Dans cette affaire comme dans toutes, que ce soit la loi HADOPI ou l’affaire Google-BNF, notre maître mot est encore et toujours la régulation, c’est-à-dire une manière respectueuse et efficace d’être vraiment à l’écoute de la société et de son dynamisme économique et culturel, comme l’a d’ailleurs rappelé le rapporteur, Michel Thiollière.

De fait, les outils de régulation propres à chaque type de média permettent de veiller au respect de leur indépendance. En vertu de l’article 19 de la loi du 30 septembre 1986, le CSA dispose de pouvoirs d’enquêtes étendus aux actionnaires des diffuseurs pour « toutes les informations sur les marchés publics et délégations de service public pour l’attribution desquels cette personne ou une société qu’elle contrôle ont présenté une offre au cours des vingt-quatre derniers mois ».

La loi fait obligation au CSA de tenir compte, dans les autorisations qu’il délivre, des dispositions envisagées par le candidat en vue de garantir le caractère pluraliste de l’expression des courants de pensée et d’opinion, l’honnêteté de l’information et son indépendance à l’égard des intérêts économiques des actionnaires, en particulier lorsque ceux-ci sont titulaires de marchés publics ou de délégations de service public.

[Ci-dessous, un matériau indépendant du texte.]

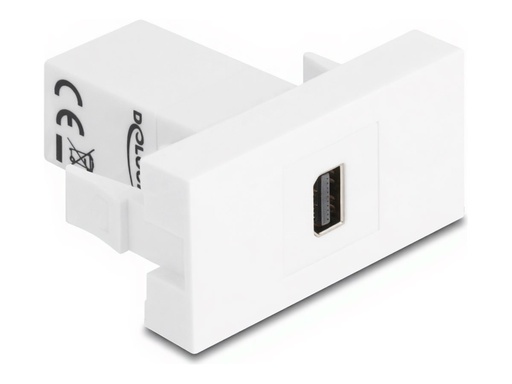 [90842] Delock Easy 45 - Einrastmodul - to mini DisplayPort female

Dans les conventions qu’il conclut avec les chaînes, le CSA doit ensuite prendre toutes dispositions pour garantir l’indépendance des éditeurs à l’égard des intérêts économiques des actionnaires, en particulier lorsque ceux-ci sont titulaires de marchés publics ou de délégations de service public. Cela vaut d’ailleurs également pour les chaînes du câble et du satellite.

En matière de presse, la loi du 1er août 1986 soumet les entreprises éditrices à des règles de transparence, notamment en ce qui concerne leur actionnariat. Ces règles doivent être prochainement renforcées, conformément aux orientations arrêtées par le Président de la République à l’issue des états généraux de la presse écrite.

Enfin, la plupart des entreprises de presse disposent de chartes internes dites « de déontologie » qui garantissent l’indépendance des rédactions à l’égard des actionnaires. Les travaux du comité des sages dirigé par Bruno Frappat ont d’ailleurs abouti, le 27 octobre dernier, à l’élaboration d’un projet de code de déontologie des journalistes. Ce texte, attendu, rappelle notamment que l’indépendance du journaliste est la condition essentielle d’une information libre, honnête et pluraliste. Les partenaires sociaux du secteur doivent maintenant se saisir de ce projet de code et lui réserver les suites appropriées.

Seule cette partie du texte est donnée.